Learning with Expected Signatures: Theory and Applications
Lorenzo Lucchese, Mikko S. Pakkanen, Almut E. D. Veraart
TL;DR
The paper addresses the challenge of deriving probabilistic guarantees for model-free embeddings built from the expected signature of data streams. It introduces a unified theory linking discrete, pathwise signatures to their continuous-time counterparts under canonical geometric rough paths, proving consistency and asymptotic normality in both in-fill and long-span regimes. A martingale-correction variant is proposed to reduce finite-sample variance, with guarantees that the bias remains controlled; this yields substantial improvements in synthetic and financial ML tasks.
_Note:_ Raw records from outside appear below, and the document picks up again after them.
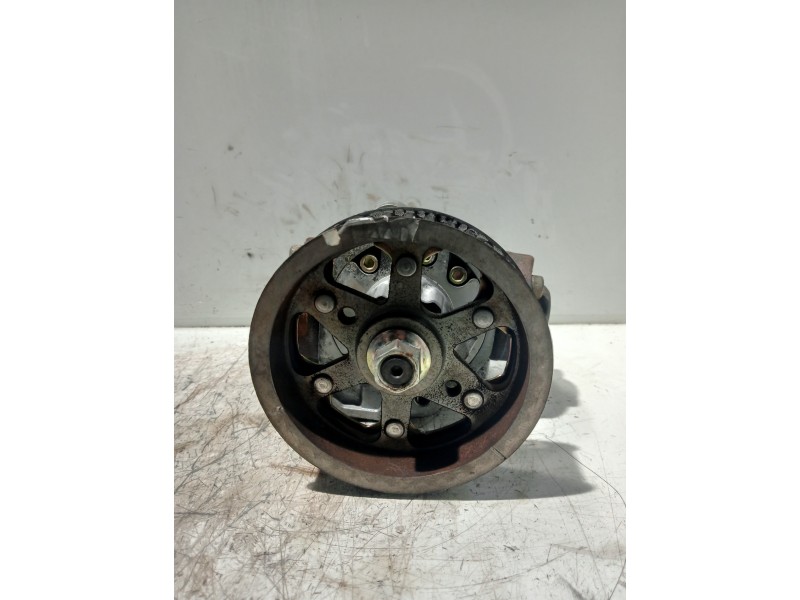 Recambio de bomba inyeccion para toyota corolla verso (r1) 2.0 d-4d luna referencia OEM IAM 2210006010 HU2940000061 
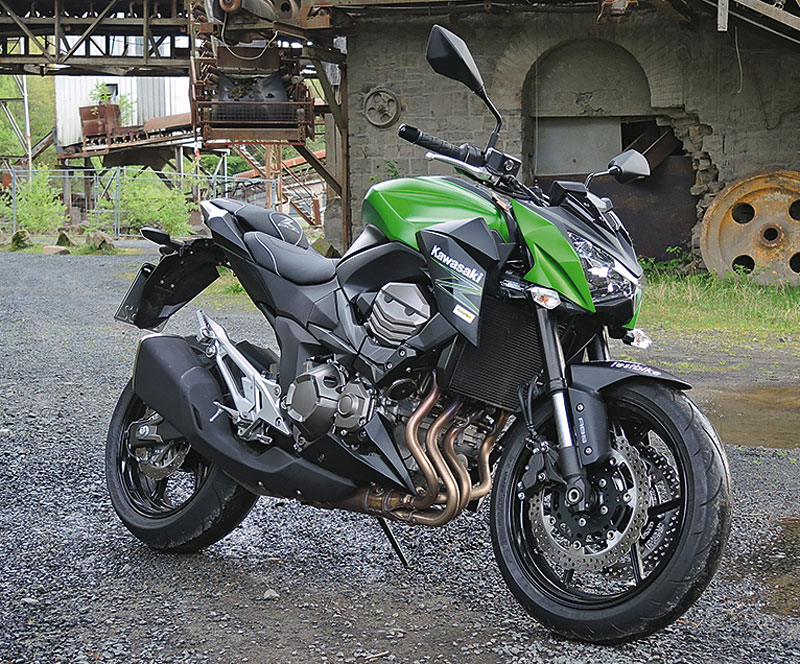 Kawasaki-Z800-2014-rechts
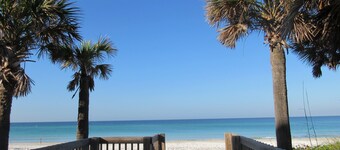 Modern Waterfront Condo! Heated Pools~Lanai~WiFi. By IMG~Beaches~AMI~Restaurants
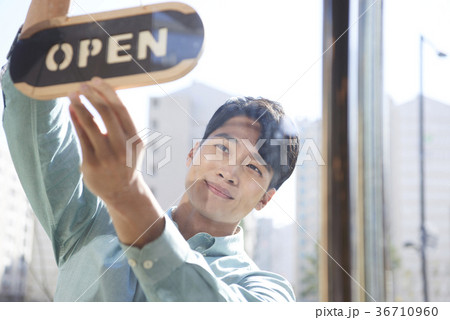 ドア 笑顔 微笑 36710960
The authors validate the theory across Brownian, fractional Brownian, CAR, and Heston models, and demonstrate practical gains in time-series classification, derivative pricing, and distributional regression, underscoring the approach’s broad applicability and potential for probabilistic interpretation of signature-based ML methods.
Abstract
The expected signature maps a collection of data streams to a lower dimensional representation, with a remarkable property: the resulting feature tensor can fully characterize the data generating distribution. This "model-free" embedding has been successfully leveraged to build multiple domain-agnostic machine learning (ML) algorithms for time series and sequential data. The convergence results proved in this paper bridge the gap between the expected signature's empirical discrete-time estimator and its theoretical continuous-time value, allowing for a more complete probabilistic interpretation of expected signature-based ML methods. Moreover, when the data generating process is a martingale, we suggest a simple modification of the expected signature estimator with significantly lower mean squared error and empirically demonstrate how it can be effectively applied to improve predictive performance.